- **AIM OF THE TASK**: Quote the data below in full, minus the images.

- **SOURCE DATA**:

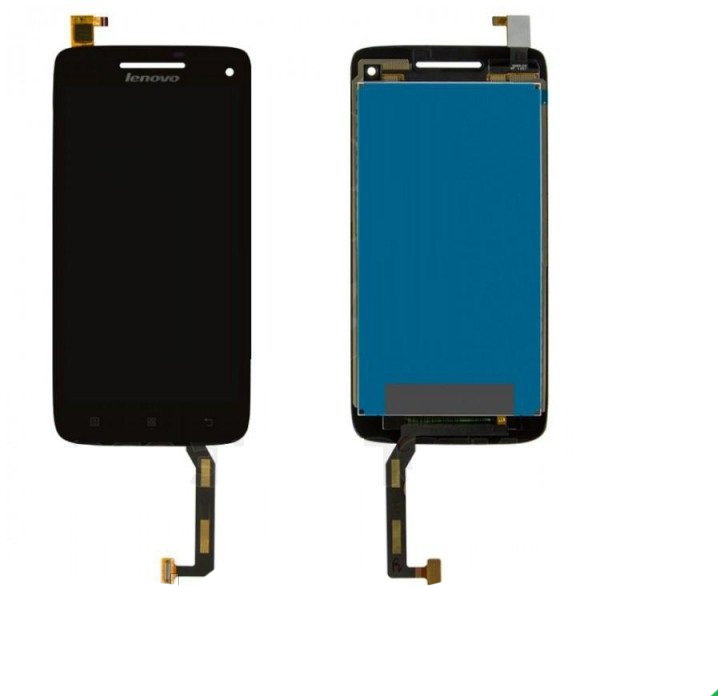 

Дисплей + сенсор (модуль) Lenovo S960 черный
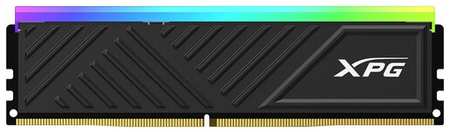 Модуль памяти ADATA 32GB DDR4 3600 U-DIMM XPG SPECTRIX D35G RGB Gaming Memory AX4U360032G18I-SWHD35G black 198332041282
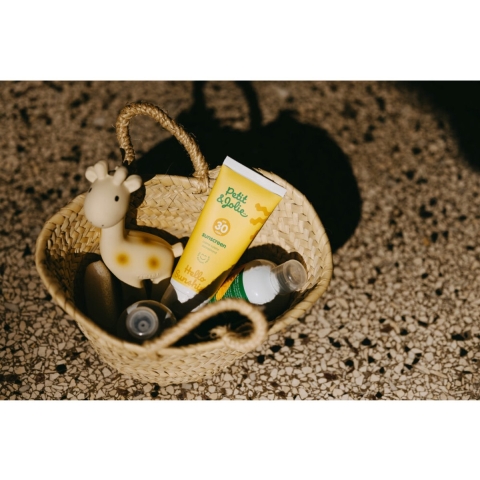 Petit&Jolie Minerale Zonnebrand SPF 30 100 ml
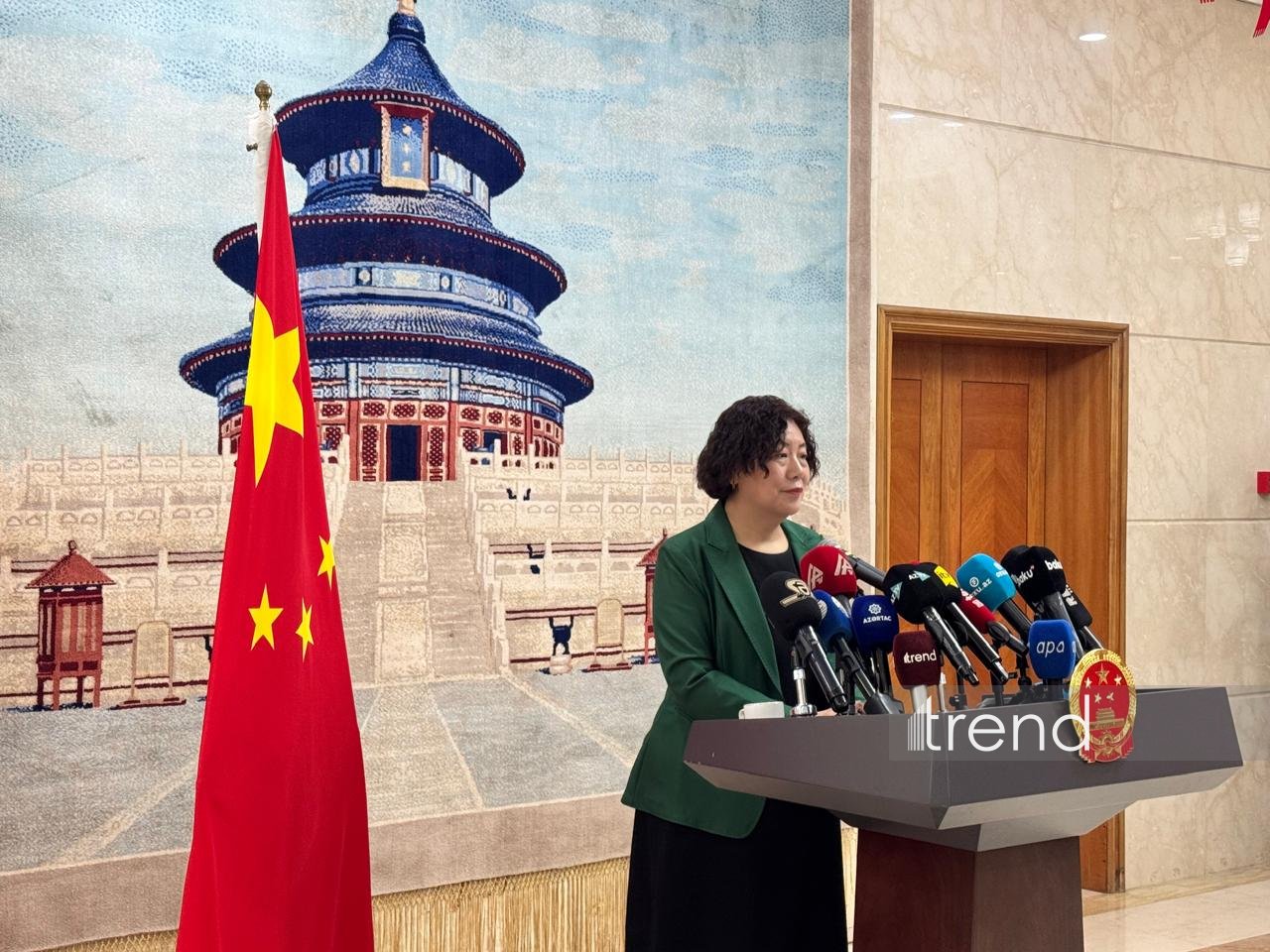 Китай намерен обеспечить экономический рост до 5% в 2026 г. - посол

- **OUTPUT BELOW**:
Дисплей + сенсор (модуль) Lenovo S960 черный
 Модуль памяти ADATA 32GB DDR4 3600 U-DIMM XPG SPECTRIX D35G RGB Gaming Memory AX4U360032G18I-SWHD35G black 198332041282
 Petit&Jolie Minerale Zonnebrand SPF 30 100 ml
 Китай намерен обеспечить экономический рост до 5% в 2026 г. - посол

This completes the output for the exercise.